小ネタ | ナノ


  お姉ちゃんが憑いてるよ





小さな時からエースのそばにはエースにしか見えない少女がいた。何かに悩んでいる時、泣き出してしまいそうな時、そんな時にはいつもそばにいてくれた。ふわふわの黒髪で黒いワンピースを着た幼い彼女は、何か言葉を発するわけでもなく、ただいつでもニコニコと笑ってエースのそばにいた。
触れることはできない。彼女は薄く透けるような体をしているから。きっと幽霊とかそういうものなのだろう。けれど、不思議と恐怖はなかった。
何も言わずとも、語らずとも理解してくれている。そうして、そっと心を支えてくれる。彼女はエースにとってそういう存在だった。

「…ほんとに、いいのかな」

悩みに悩んで吐き出した言葉を肯定するように、小さな手が頭を撫でる。もちろん、その感触は全く伝わってこない。それでも、いいんだよなんてそんな言葉が聞こえた気がして、エースはこくりと一つ頷いた。
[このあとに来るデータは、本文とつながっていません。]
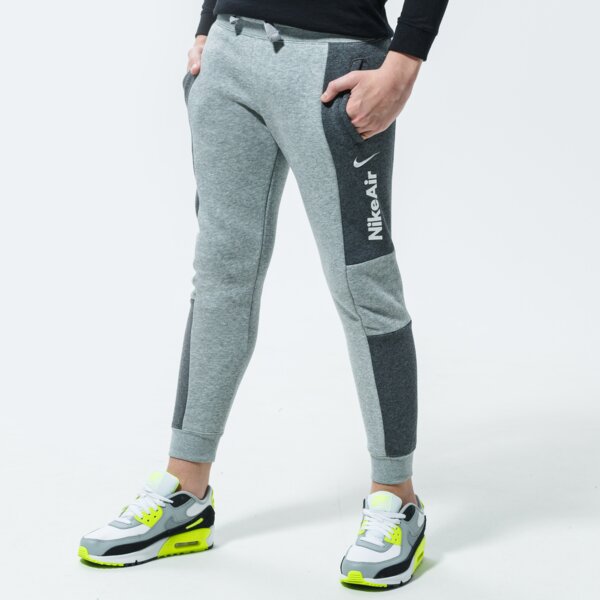 Image of NIKE NOHAVICE NIKE AIR CJ7857-071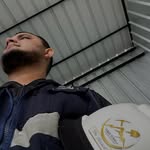 Tito Vasquez - @tito_vasquez99 - Instagram
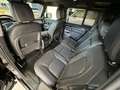 Land Rover Defender 110 3.0D I6 200 CV AWD Auto X-Dynamic SE Noir - thumbnail 14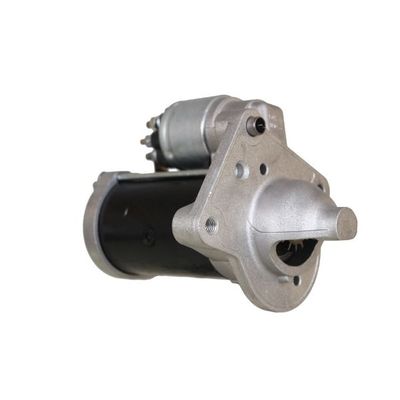 Marş Dinamosu  Ford Fiesta (CE1)(2017->)  FORD ORJINAL H1BT11000EC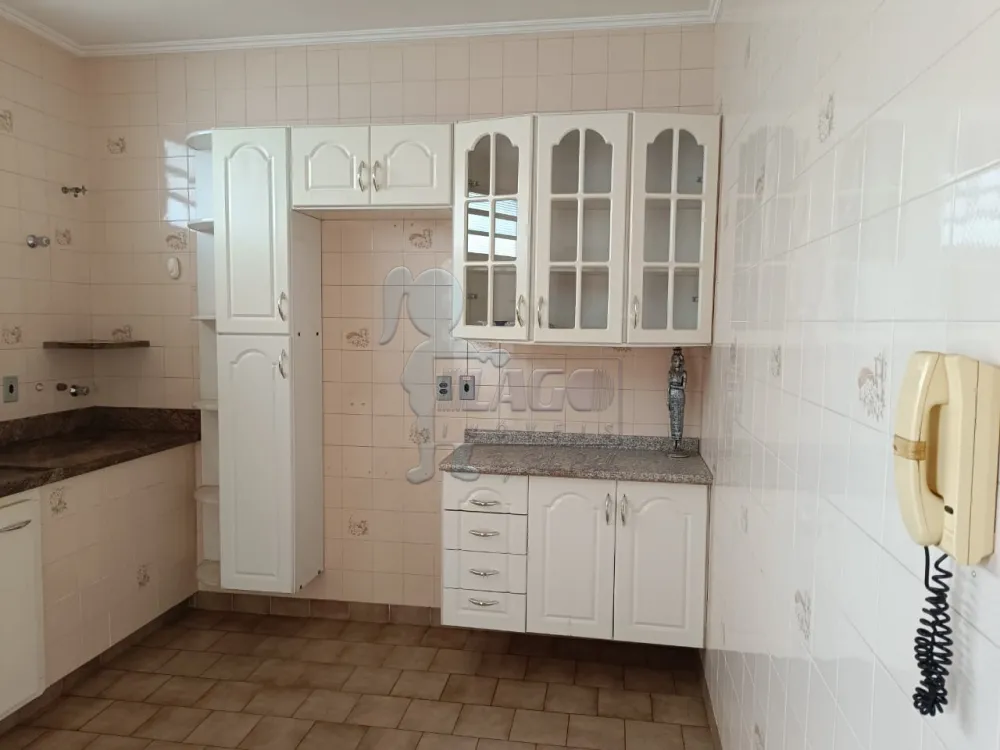 Alugar Casa / Padrão em Ribeirão Preto R$ 4.400,00 - Foto 6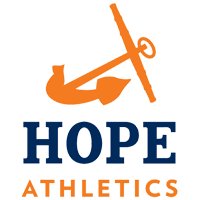 Hope College Logo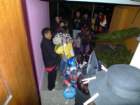 halloween_2010130_small.jpg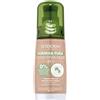 Deborah Formula Pura Fondotinta Nude Bio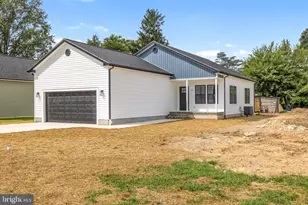 5 Sunrise Ave, Ridgely, MD 21660 - Photo 1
そんな感じでエースくんを全肯定して、支えてくれるお姉ちゃんのお話。ただし死んでる。

海賊王の娘ということで、それはそれは酷い死に方をした子。でも、生まれてくる弟か妹が心配すぎて化けて出た。そんで、憑いちゃった。
エースは何でかずっとそばにいる幽霊だと思ってる。お姉ちゃんだってことは知らない。

エースくんの精神的な支えになってる幽霊お姉ちゃんである。時々、ポルターガイストとかも起こすかもしれない。

白ひげに入ってから、イゾウさん(視える人)に、「愛されてるねぇ、エース」なんて言われたかもしれない。イゾウさんに通訳してもらって、ようやくお姉ちゃんだって分かったりするかもしれない。


とりあえず、エースくんと、見守るお姉ちゃんのお話。